Jesús nos habla de una nueva motivación, un nuevo espíritu, sobre todo en las relaciones para con Dios. Ya no va a ser el espíritu del temor el que inspire el practicar un ayuno o cualquier otra práctica religiosa, sino el espíritu del amor. Y por amor, y para acrecentarle, muchas veces convendrá tener ayunos y otras prácticas; pero ahora todo estará envuelto en paz y alegría, porque Jesús sigue estando vivo y resucitado entre nosotros. Especialmente en la Eucaristía.

Esta es una nueva vida. Por eso pone dos pequeñas parábolas para especificarlo. La nueva vida significa que no sirve el tomar la religión de los fariseos y hacer componendas. Como no se puede ni debe dañar un vestido nuevo para arreglar el viejo. Se estropean los dos. Y lo mismo pasa con el vino nuevo y el añejo.
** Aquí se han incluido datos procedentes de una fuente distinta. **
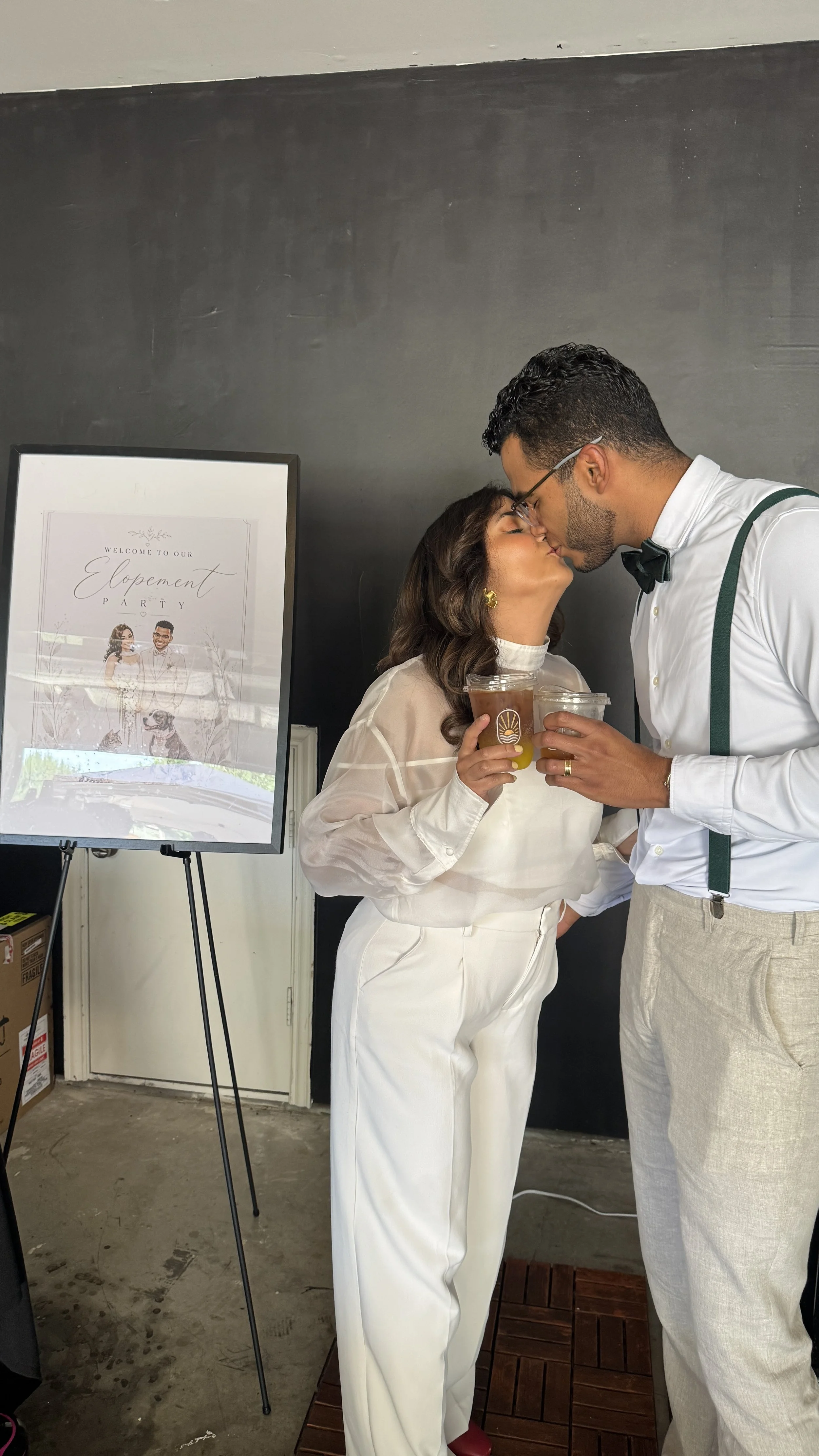 A man and woman are sharing a kiss at a celebration. The woman is holding two drinks and is dressed in white, while the man is wearing a white shirt with suspenders and a bow tie. A framed sign behind them reads 'Welcome to Our Engagement Party' with a picture of the couple and a dog.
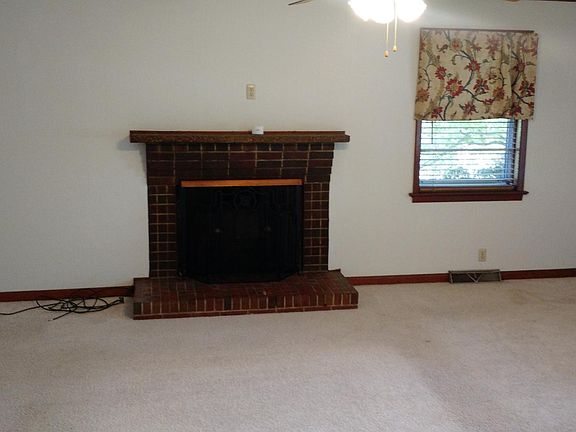 Decorative brick fireplace in Living area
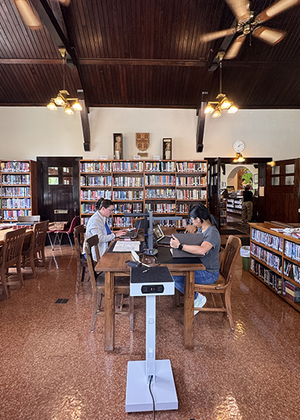 Cozy library with two people working at a wooden table, surrounded by bookshelves.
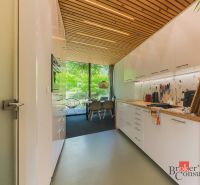 A kitchen in a 3-room apartment with a wooden ceiling and large glass windows.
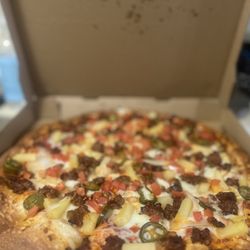 Tony's Pizza - Mexicana with pineapple - our version of a pastor pizza. Order with Canadian bacon and it's so delicious!
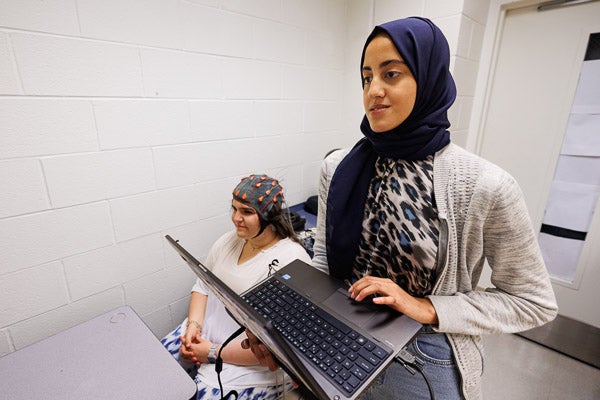 Marwa Antar, a second-year graduate student in biomedical engineering, works with a student wearing a cap that measures electrical activity in the brain. 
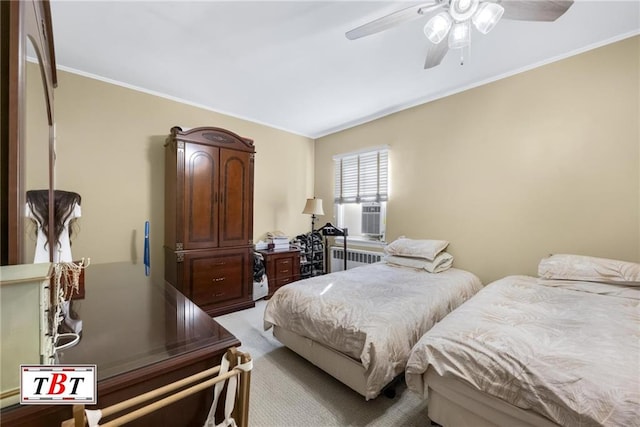 bedroom with a ceiling fan, cooling unit, crown molding, light colored carpet, and radiator heating unit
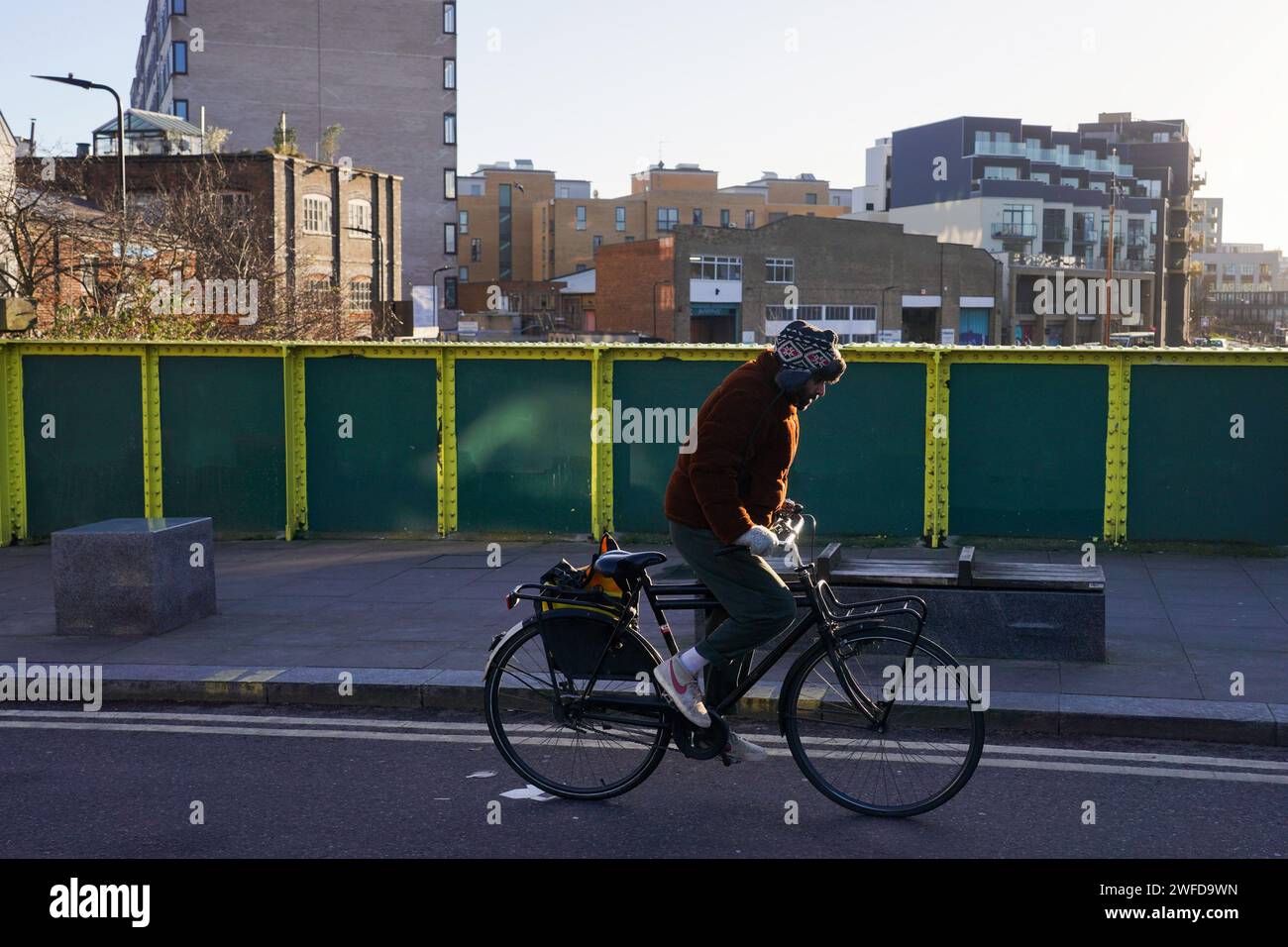 Ein Radfahrer pendelt in Hackney, East London, in der frühen Morgensonne des Winters am 26. Januar 2024, London, Großbritannien. Stockfoto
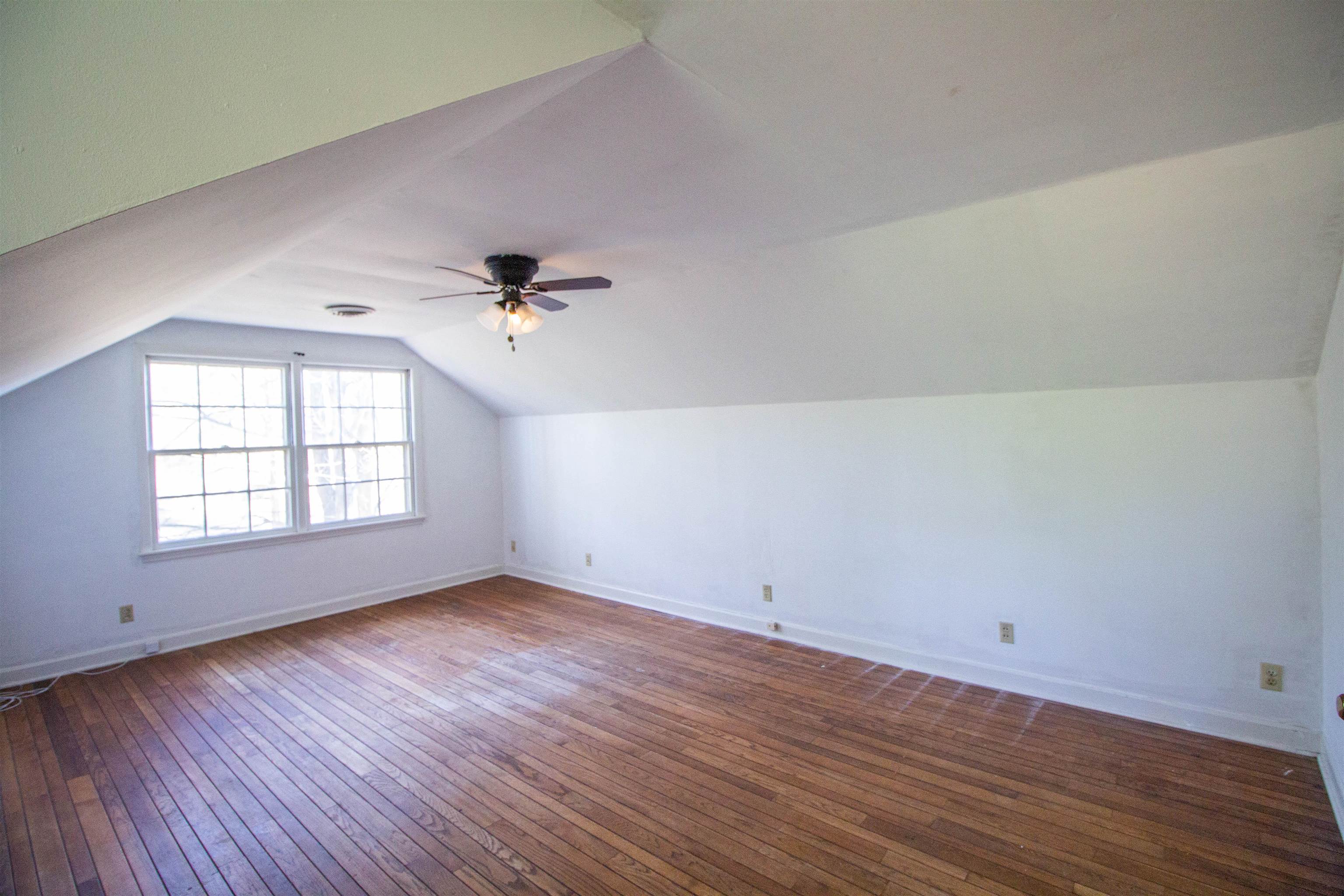 283 Church Street Ripley, TN 38063 - Photo 29 of 36 wooden floor in an empty room with a window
 Más que insistir en los ayunos, Jesús insiste en la caridad y la humildad, en el servicio por amor. Este amor debe engendrar alegría. Y ello porque tenemos a Dios como Padre y podemos vivir en una unión plena con Jesucristo. La religión es, por lo tanto, una fiesta. Es como un banquete alegre.

Por lo tanto en esta visión nueva del trato familiar con Dios y servicio a los demás no encajan las ideas de los fariseos. Por medio del vestido nuevo y viejo Jesús nos manifiesta la incompatibilidad de dos motivaciones muy diferentes. Hoy lo podemos ver para quien vive en medio de la mentalidad mundana. Si quiere ser persona religiosa, con trato íntimo para con Dios, no vale hacer una componenda, sino que es comenzar a vivir con otra mentalidad y motivación. Un buen convertido es quien comienza a vivir una “nueva vida”.

No se trata de saber más o menos sobre asuntos religiosos. Se trata de cambiar de estilo de vida. Por eso dice Jesús que se necesitan odres nuevos o vestido nuevo.

Para los discípulos de Jesús lo importante era saber si ha llegado o no el Mesías. Si ha llegado, la vida tiene otro sentido. Es el sentido festivo, porque Dios ha venido a vivir entre nosotros y para nosotros.